Migrating from Azure Synapse Spark to Fabric
Before you begin your migration, you should verify that Fabric Data Engineering is the best solution for your workload. Fabric Data Engineering supports lakehouse, notebook, environment, Spark job definition (SJD) and data pipeline items, including different runtime and Spark capabilities support.
Key considerations
The initial step in crafting a migration strategy is to assess suitability. It's worth noting that certain Fabric features related to Spark are currently in development or planning. For more details and updates, visit the Fabric roadmap.
For Spark, see a detailed comparison differences between Azure Synapse Spark and Fabric.
Migration scenarios
If you determine that Fabric Data Engineering is the right choice for migrating your existing Spark workloads, the migration process can involve multiple scenarios and phases:
- Items: Items migration involves the transfer of one or various items from your existing Azure Synapse workspace to Fabric. Learn more about migrating Spark pools, Spark configurations, Spark libraries, notebooks, and Spark job definition.
- Data and pipelines: Using OneLake shortcuts, you can make ADLS Gen2 data (linked to an Azure Synapse workspace) available in Fabric lakehouse.

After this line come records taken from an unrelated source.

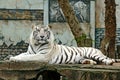 bengal white tiger in zoo Royalty Free Stock Photo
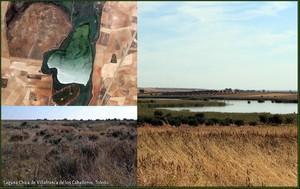 Ruta por los Humedales de la Mancha Toledana (I)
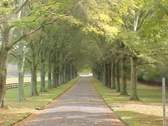 Berry College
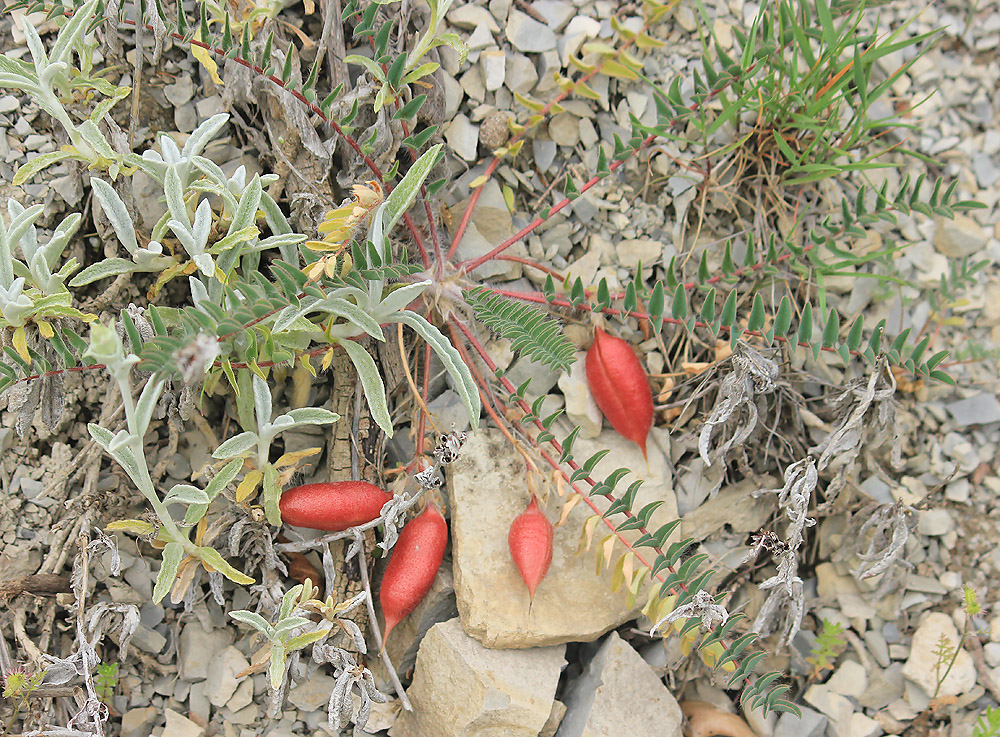 Изображение особи Astragalus utriger.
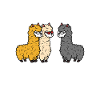 équipe alpaga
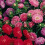 Aster Colour Carpet Mixed – Vibrant Ground Cover 1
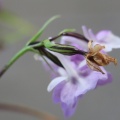無菌培養　華美系の交配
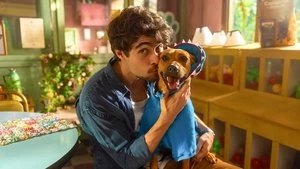 Arianne Botelho Cover Image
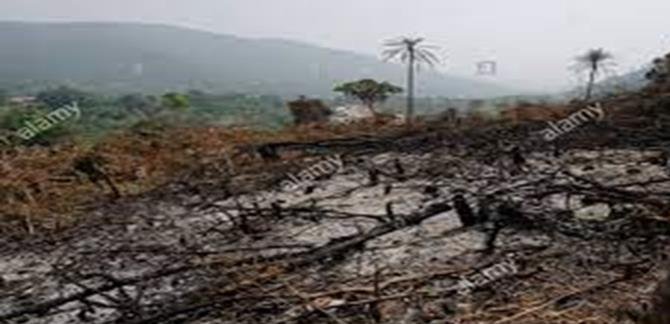FORESTRY OFFICER LAMENTS: MASSIVE DEFORESTATION IN KAILAHUN DISTRICT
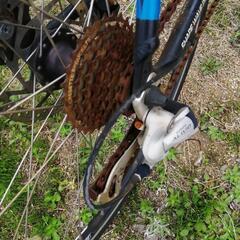 コラテック自転車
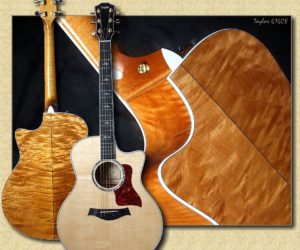  Taylor 616ce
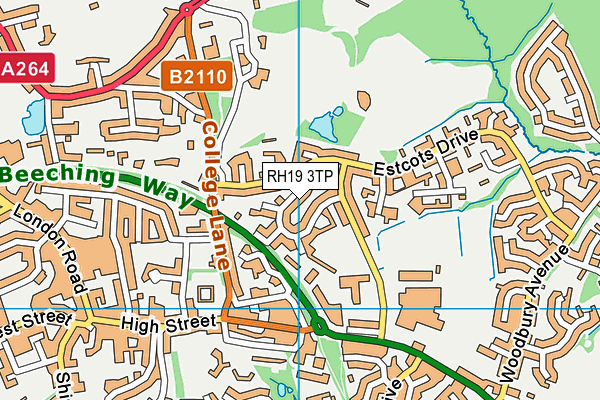 RH19 3TP map - OS VectorMap District (Ordnance Survey)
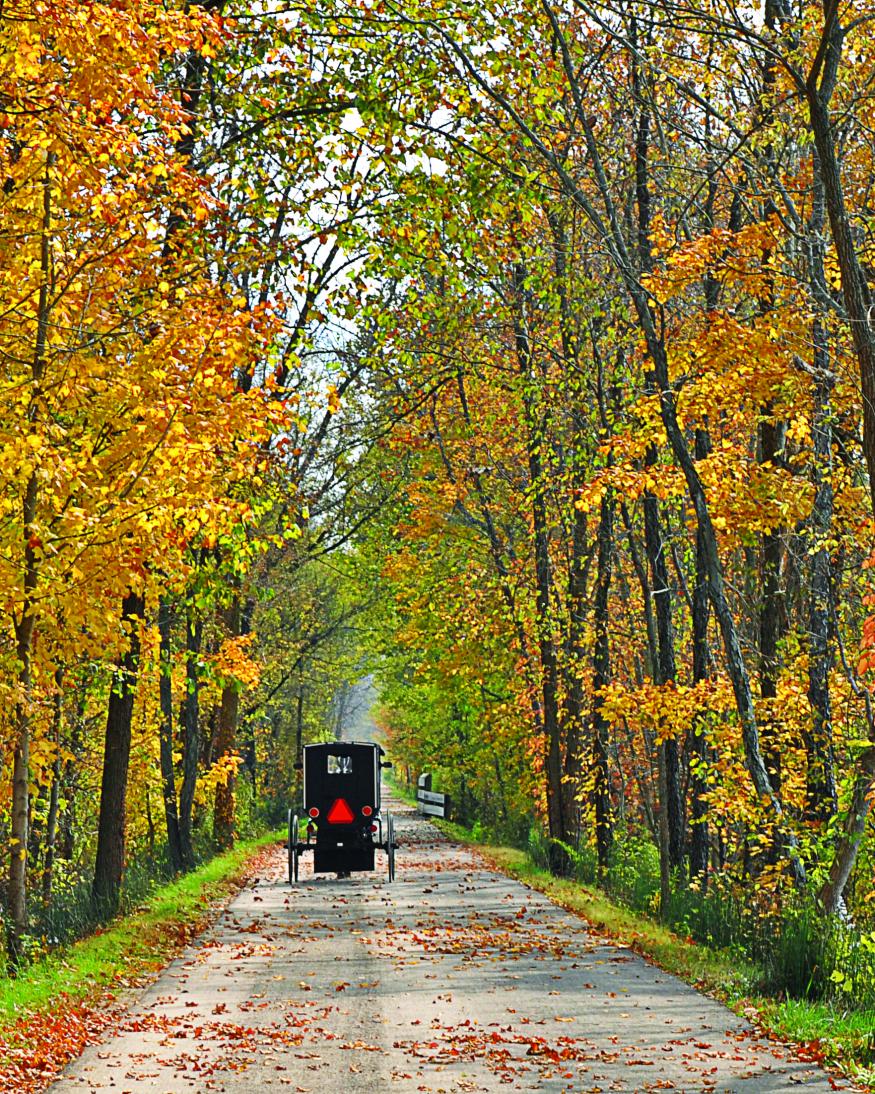 buggy in the fall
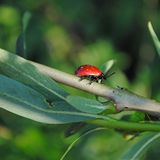 Insekten: Alles andere als ekelhaft - Bild 7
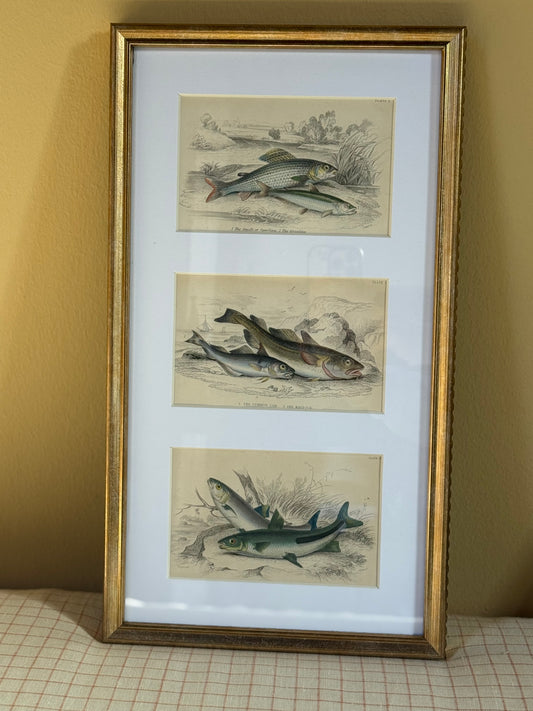 Framed Vintage Lithograph - Fish
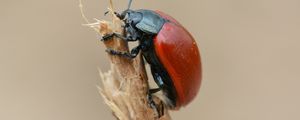 Preview wallpaper beetle, insect, armor, branch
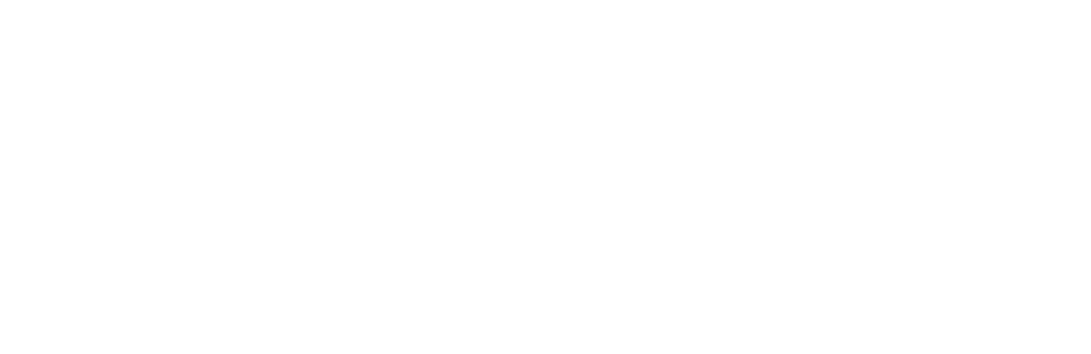 se-logo1-white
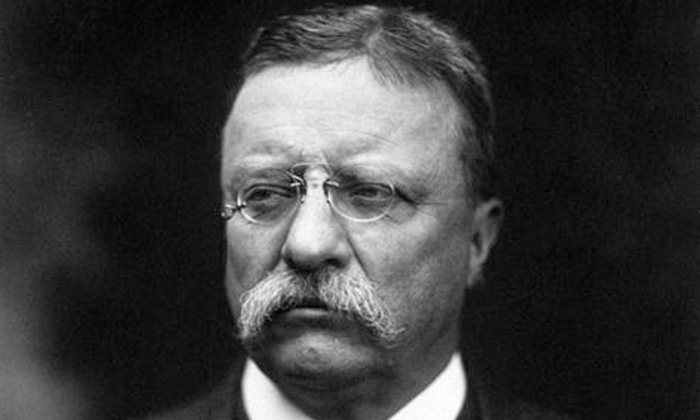 Teddy roosevelt bully for you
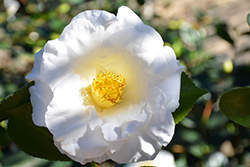 Tata Camellia (Camellia japonica 'Tata') at Lakeshore Garden Centres
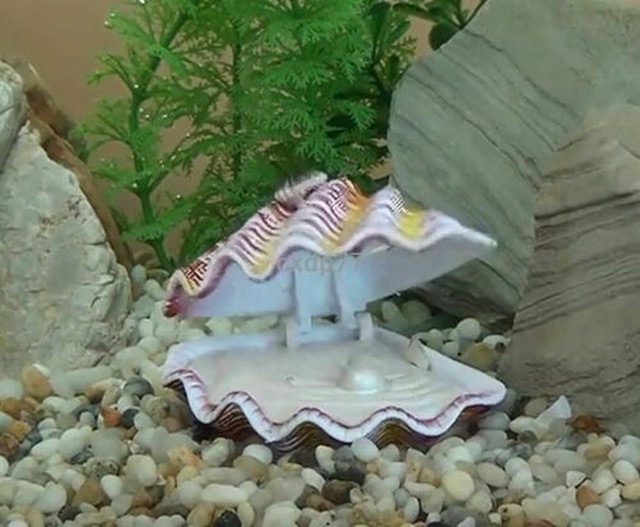 nemo aquarium decorations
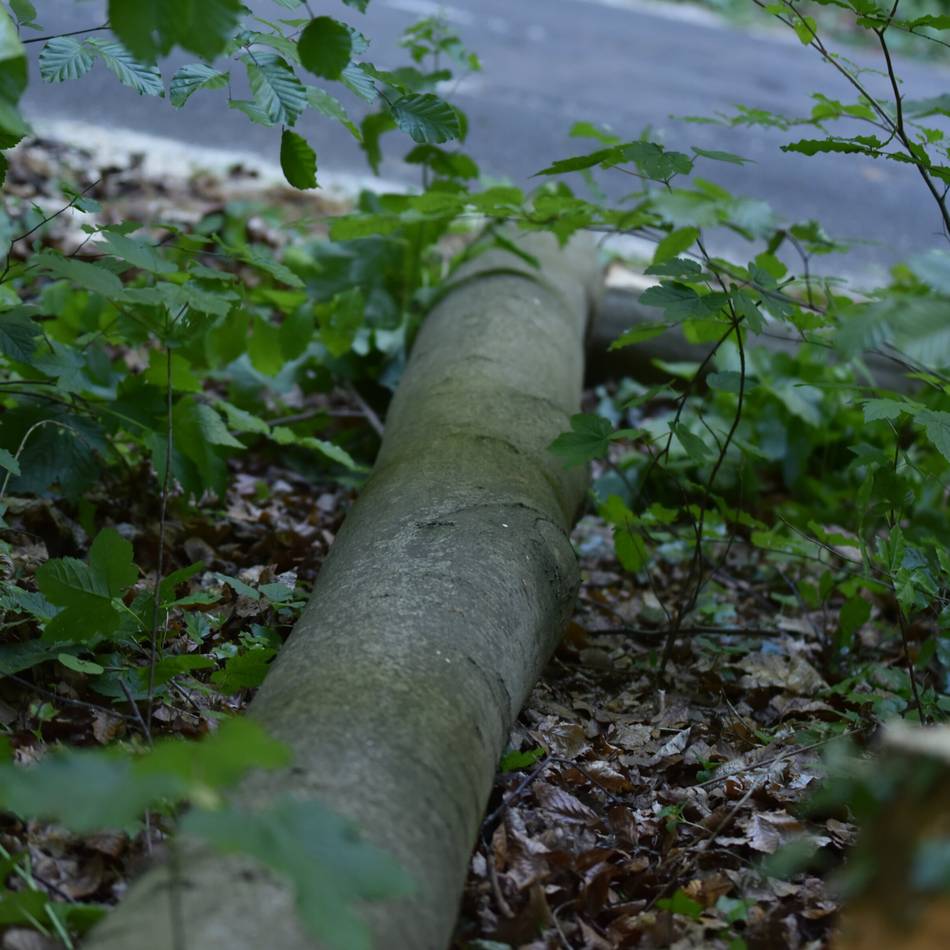 Am Hülser Berg in Krefeld: Mit Kettensäge: Bäume gezielt auf Straßen gestürzt
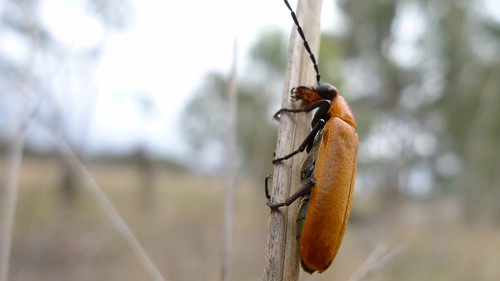 november beetle australia nsw coleoptera meloidae blisterbeetle 2013 taxonomy:order=coleoptera geo:country=australia wellingrove taxonomy:family=meloidae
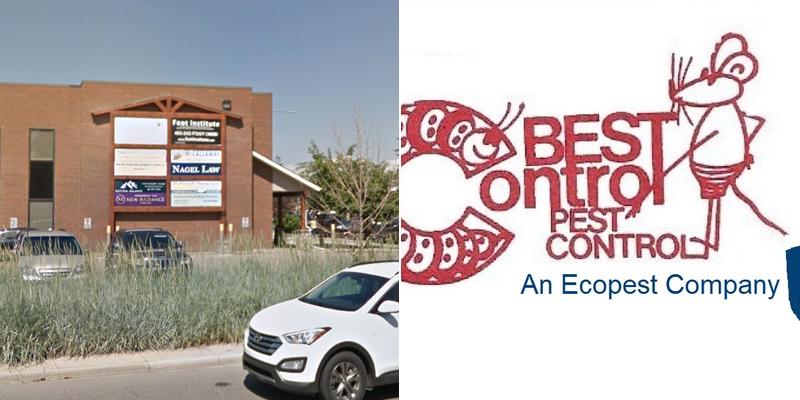 Best Control Pest Control Ltd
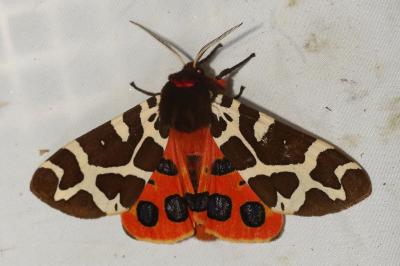 <i>Arctia caja</i>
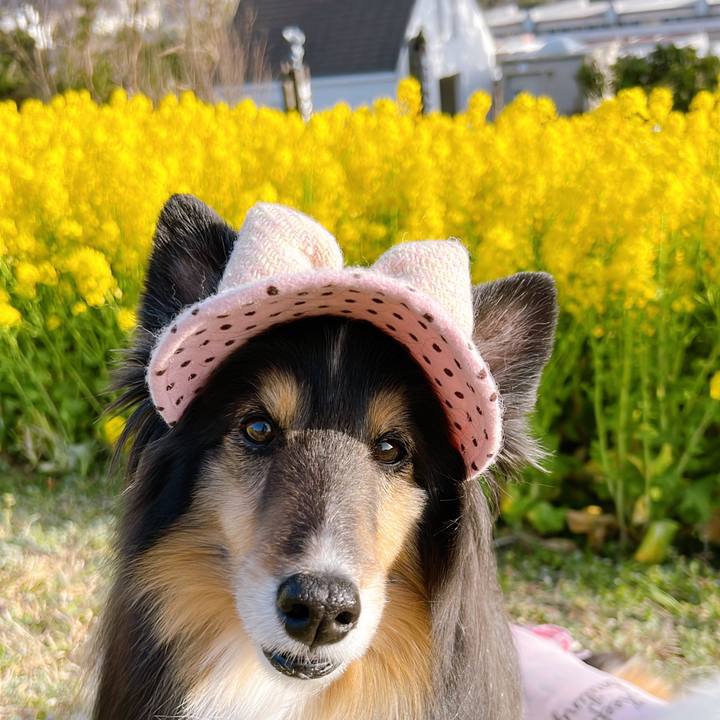 C2aff3fc 729d 4642 bfc6 ba6b9624c357 1647551883173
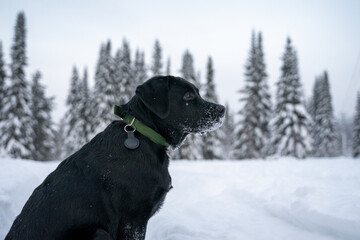 profile of a black Labrador puppy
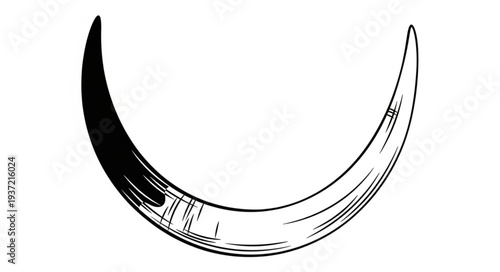 Detailed illustration of a curved tusk, showcasing its shape and texture in stark contrast.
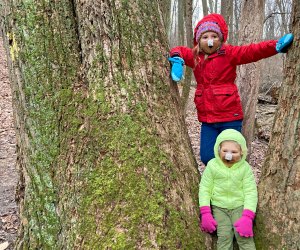 Bundle up the little ones and head outdoors for a hike. Photo by Catherine Wargo Roberts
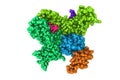 Space-filling molecular model of human interleukin-15 quaternary complex isolated on white background. Rendering with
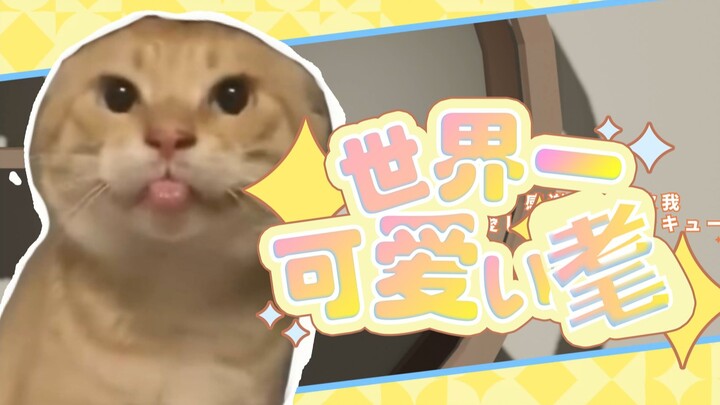 【猫娘耄耋手书】世界第一可爱的耄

Pipeline migration involves moving existing data pipelines to Fabric, including notebook and Spark job definition pipeline activities. Learn more about data and pipelines migration.
- Metadata: Metadata migration involves moving Spark catalog metadata (databases, tables, and partitions) from an existing Hive MetaStore (HMS) in Azure Synapse to Fabric lakehouse. Learn more about HMS metadata migration.
- Workspace: Users can migrate an existing Azure Synapse workspace by creating a new workspace in Microsoft Fabric, including metadata. Workspace migration isn't covered in this guidance, assumption is that users need to create a new workspace or have an existing Fabric workspace. Learn more about workspace roles in Fabric.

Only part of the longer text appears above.